◆ **Exercise material**:
________________________________________
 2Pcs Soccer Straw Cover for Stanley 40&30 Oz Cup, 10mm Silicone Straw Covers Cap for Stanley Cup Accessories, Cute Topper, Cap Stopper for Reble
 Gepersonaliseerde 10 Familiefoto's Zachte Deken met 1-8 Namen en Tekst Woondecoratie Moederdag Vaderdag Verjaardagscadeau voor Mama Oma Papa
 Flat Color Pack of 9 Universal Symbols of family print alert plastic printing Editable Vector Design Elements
________________________________________
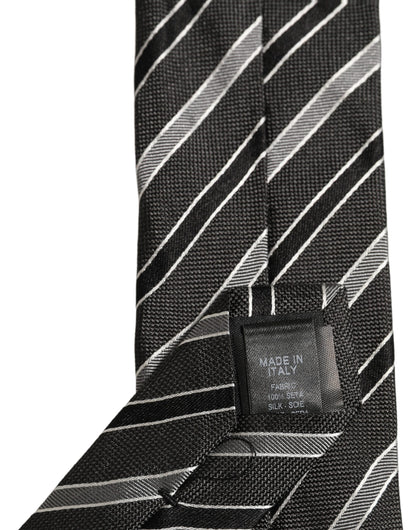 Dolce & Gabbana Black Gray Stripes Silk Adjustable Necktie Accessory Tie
________________________________________
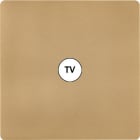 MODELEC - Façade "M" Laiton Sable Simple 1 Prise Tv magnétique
________________________________________
◆ **Problem details**: Leave out every line above except those from the line with "Gepersonaliseerde 10 Familiefoto's" up to and including the line with "Flat Color Pack", and copy those exactly.

◆ **Result for this exercise**:
 Gepersonaliseerde 10 Familiefoto's Zachte Deken met 1-8 Namen en Tekst Woondecoratie Moederdag Vaderdag Verjaardagscadeau voor Mama Oma Papa
 Flat Color Pack of 9 Universal Symbols of family print alert plastic printing Editable Vector Design Elements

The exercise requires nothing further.